Two, Taiwan should develop and implement a comprehensive national plan for managing slopes, covering hazard and risk assessment, design standards for slope engineering, training and preparedness for both slope managers and for people living in affected areas; land use planning; research; monitoring of dangerous sites; and emergency response. This could effectively mirror the very successful slope management programs developed in Hong Kong and, more recently, in Malaysia.
Three, there is a need to develop a comprehensive and well-resourced research program to understand the natural processes occurring in the mountain areas of Taiwan. The aim of the program would be to start to build a proper understanding of the processes that create hazards, especially during typhoons.

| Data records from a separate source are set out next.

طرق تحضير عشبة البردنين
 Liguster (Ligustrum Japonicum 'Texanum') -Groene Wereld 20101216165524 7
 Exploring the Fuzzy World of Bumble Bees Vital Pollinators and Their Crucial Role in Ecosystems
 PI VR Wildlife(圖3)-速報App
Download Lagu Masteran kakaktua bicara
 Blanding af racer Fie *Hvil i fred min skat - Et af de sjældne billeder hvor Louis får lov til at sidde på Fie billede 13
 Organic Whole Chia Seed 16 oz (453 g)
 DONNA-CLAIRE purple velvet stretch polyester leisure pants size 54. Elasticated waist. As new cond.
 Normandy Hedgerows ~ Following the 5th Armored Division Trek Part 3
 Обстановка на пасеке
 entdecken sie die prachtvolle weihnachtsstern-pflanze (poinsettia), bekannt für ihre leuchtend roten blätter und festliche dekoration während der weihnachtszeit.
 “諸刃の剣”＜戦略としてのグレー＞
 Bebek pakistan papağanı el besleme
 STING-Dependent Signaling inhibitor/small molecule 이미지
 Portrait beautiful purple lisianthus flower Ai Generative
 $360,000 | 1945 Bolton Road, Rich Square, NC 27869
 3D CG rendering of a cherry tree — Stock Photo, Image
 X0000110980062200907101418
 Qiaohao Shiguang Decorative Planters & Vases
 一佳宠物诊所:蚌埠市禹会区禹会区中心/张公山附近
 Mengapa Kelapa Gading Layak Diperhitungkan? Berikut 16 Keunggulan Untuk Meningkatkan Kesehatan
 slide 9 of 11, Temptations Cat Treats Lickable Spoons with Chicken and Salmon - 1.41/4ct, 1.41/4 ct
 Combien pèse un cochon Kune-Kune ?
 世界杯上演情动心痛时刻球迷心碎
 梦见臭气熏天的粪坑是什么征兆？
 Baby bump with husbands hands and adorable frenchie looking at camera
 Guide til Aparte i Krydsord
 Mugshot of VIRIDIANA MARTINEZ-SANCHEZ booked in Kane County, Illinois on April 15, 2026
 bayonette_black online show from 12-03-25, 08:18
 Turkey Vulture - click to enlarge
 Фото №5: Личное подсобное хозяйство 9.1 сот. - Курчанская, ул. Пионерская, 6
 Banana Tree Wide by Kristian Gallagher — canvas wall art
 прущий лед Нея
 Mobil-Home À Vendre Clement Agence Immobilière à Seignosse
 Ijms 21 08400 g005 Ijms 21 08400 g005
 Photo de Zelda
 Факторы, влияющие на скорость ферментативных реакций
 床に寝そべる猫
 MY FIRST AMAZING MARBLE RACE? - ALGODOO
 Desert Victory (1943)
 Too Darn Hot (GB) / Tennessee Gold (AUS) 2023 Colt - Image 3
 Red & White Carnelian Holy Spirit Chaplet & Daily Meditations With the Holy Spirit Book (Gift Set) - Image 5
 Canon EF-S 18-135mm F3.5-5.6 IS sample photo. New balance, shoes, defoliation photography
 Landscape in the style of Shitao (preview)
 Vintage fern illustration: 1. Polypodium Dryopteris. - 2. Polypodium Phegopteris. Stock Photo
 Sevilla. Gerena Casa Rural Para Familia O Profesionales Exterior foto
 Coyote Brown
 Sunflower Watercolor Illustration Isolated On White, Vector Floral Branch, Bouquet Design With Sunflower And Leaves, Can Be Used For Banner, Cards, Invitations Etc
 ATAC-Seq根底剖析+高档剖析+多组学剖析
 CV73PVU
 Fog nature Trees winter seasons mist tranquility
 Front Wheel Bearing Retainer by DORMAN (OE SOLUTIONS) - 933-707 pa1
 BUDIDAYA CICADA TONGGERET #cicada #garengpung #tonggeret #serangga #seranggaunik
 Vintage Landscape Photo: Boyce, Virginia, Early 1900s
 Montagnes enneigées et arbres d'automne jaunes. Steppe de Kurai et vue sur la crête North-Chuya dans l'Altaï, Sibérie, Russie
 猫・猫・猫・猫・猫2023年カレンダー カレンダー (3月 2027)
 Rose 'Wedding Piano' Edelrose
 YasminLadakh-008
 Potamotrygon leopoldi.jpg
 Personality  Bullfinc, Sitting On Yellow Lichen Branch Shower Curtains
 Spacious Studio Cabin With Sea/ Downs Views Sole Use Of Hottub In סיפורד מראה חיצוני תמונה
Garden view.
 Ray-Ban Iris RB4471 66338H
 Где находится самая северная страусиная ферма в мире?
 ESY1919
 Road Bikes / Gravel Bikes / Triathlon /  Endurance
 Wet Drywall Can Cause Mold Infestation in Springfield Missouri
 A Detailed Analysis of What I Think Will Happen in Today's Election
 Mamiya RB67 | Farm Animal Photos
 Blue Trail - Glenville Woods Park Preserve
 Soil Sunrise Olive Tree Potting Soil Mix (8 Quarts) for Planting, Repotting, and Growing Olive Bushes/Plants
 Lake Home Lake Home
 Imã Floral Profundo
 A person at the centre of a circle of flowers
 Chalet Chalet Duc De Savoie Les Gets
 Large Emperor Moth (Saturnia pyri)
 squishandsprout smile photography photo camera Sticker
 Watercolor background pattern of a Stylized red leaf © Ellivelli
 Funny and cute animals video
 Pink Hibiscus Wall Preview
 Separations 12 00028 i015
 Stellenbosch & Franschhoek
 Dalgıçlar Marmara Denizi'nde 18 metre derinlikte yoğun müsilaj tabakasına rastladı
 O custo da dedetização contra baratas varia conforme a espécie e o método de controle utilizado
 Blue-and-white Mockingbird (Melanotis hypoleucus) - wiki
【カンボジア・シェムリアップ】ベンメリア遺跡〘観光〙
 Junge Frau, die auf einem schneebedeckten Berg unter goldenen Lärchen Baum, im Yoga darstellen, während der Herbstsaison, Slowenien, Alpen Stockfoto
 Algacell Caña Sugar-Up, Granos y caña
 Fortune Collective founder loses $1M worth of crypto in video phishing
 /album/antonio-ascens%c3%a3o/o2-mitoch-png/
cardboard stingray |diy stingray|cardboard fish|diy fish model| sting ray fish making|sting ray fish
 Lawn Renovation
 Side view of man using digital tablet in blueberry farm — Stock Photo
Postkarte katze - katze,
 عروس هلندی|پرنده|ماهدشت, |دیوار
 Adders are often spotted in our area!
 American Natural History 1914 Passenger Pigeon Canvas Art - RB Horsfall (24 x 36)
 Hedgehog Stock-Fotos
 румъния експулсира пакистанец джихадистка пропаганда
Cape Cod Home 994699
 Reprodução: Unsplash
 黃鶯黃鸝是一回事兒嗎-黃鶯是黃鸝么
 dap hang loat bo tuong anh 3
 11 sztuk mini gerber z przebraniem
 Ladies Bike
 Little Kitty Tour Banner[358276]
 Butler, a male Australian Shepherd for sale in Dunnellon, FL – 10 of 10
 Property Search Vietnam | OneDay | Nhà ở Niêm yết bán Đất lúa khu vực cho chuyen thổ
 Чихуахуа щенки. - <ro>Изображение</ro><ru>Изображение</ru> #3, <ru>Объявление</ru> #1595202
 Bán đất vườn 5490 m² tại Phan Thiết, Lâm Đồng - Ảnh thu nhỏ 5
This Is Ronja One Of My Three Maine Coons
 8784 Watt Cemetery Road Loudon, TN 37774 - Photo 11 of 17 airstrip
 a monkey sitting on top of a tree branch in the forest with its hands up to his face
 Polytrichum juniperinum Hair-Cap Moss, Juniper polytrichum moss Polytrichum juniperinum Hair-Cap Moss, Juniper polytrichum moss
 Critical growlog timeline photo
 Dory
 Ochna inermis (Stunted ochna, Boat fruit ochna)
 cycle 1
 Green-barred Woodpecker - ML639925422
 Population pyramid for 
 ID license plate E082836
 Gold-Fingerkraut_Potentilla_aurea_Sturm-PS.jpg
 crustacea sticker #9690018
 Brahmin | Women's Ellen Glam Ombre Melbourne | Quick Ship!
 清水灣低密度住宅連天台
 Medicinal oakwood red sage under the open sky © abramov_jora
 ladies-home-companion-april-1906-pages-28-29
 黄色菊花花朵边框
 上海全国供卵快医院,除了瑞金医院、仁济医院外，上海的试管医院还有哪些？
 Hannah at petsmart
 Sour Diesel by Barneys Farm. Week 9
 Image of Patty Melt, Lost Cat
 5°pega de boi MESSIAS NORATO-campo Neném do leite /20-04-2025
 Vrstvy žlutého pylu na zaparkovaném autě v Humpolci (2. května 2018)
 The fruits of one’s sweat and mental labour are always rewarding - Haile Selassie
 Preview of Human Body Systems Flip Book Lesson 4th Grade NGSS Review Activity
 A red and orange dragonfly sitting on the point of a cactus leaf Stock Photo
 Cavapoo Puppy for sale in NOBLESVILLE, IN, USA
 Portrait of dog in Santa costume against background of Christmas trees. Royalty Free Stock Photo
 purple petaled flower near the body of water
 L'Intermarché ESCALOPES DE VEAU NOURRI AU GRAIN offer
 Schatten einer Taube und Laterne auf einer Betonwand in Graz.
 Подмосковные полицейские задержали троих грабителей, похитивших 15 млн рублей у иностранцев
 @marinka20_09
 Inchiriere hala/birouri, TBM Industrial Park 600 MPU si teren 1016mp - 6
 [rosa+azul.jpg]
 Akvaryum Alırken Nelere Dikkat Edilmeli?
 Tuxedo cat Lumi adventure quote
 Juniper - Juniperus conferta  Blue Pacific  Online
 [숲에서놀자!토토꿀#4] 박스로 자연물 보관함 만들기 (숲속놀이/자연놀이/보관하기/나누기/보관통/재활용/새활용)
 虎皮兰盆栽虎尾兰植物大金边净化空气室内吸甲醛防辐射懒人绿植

The national environmental monitoring center proposed by National Taiwan University would be a sensible core element of this that could provide world class science outputs. The monitoring network could follow the hugely successful model of the GEONET program in New Zealand, which collects information on earthquakes, volcanoes and landslides there, providing both world class research data and an increased level of public understanding of science. There is a need to ensure that the outcomes of the research are fed back into the planning and management process, which is not always simple, but when done well it can be highly effective in reducing disaster risk.
Four, there is a need to undertake a properly coordinated and sensitive program to evaluate the safety of all upland communities. Where risk is found to be high, the ethos should be to identify the best mechanism to bring this to an acceptable level without destroying the environment, usually through a combination of well-designed, environmentally sensitive engineering works, education programs and warning systems.
In extreme cases relocation to nearby safe sites may be required. This program would need to be accompanied by work to determine the level of tolerable risk in this environment, and to ensure that there is a general understanding that the aim is not to eliminate risk, but rather to manage it.
Templates for all of the above measures exist in other countries, and in each case the approach has worked. To achieve similar success in Taiwan will take considerable political will and of course some time. While the costs will be far from insignificant, they will be low in comparison with those associated with disasters such as Morakot.
Hong Kong provides a real illustration of the effectiveness of such programs. In the 1970s, Hong Kong suffered a series of terrible landslide disasters, for example the 138 people killed in two landslide disasters in 1972. In response, the governor of Hong Kong established a government-level organization to manage and control slope development. The results have been highly impressive, with just three landslide fatalities in Hong Kong in the last decade.
To achieve the same in Taiwan will require both political will and considerable investment, but there is little doubt that the management of disaster risk can be achieved.
David Petley is Wilson Professor at the University of Durham in the UK. His research speciality is landslides.